That's how a man earns respect, a reverence that leads to a weekly sideline scene straight from The Godfather, as teammates line up for visits between each offensive series. Center Justin Boren and right tackle Stephen Schilling, both sophomores, need to chat about handling the Irish pass rush. Mallett wants to apologize for his overexuberant touchdown celebration vs. Penn State. ("Jake said, 'Man, just hand the ball to the ref.' I was like, 'Sorry, Jake, don't hurt me.' ") Long didn't volunteer to be the team's youth counselor, but with as many as eight underclassmen lined up on offense at any given time, that's the gig.
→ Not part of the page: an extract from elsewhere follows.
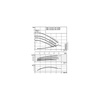 Pompa obiegowa WILO VeroLine-IPL 25/85-0,18/2 typu in-line z silnikiem znormalizowanym 50 Hz, moc silnika 0.18kW 0.5 A 2860 obr/min, wlot GZGW 1 1/2''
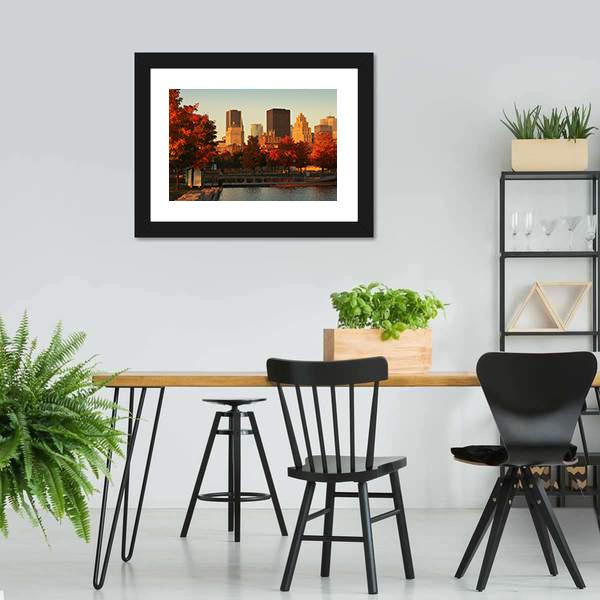 Buildings In Montreal Canvas Wall Art-3 Horizontal-Gallery Wrap-25" x 16"-Tiaracle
Now, with wins over Northwestern and Eastern Michigan pushing the Wolverines' winning streak to four, the feeling of impending doom in Ann Arbor has been quelled, at least for the moment. The talk now is about hammering through a season-ending gauntlet that includes East Lansing,

Madison and a home date with Ohio State; of winning a Big Ten title; of possible redemption in the Rose Bowl. Running the table would mean running off all ghosts, not to mention definitively answering the question Long has been asked most this season: "Why did I come back? Me, Chad, Hart, Crable, I think we all had a chance to go to the NFL. But we decided to come back for our senior year because we have unfinished business. Now is the time to take care of it."

When the Wolverines rolled up to the Big House 90 minutes before their game with Notre Dame, Long was among the first to step off the bus. Lining the walkway to the Michigan locker room were nearly a hundred former Wolverines hoping to will their alma mater back to life by barking shouts of encouragement and brandishing homemade signs. The Teams of the '50s Give Their Support … Go Blue!

The Big Man never even saw them. He just marched right on by, jawbone locked and eyes straight ahead. The alumni weren't offended that he didn't react. They know he simply doesn't have the time. He's got rebuilding to do.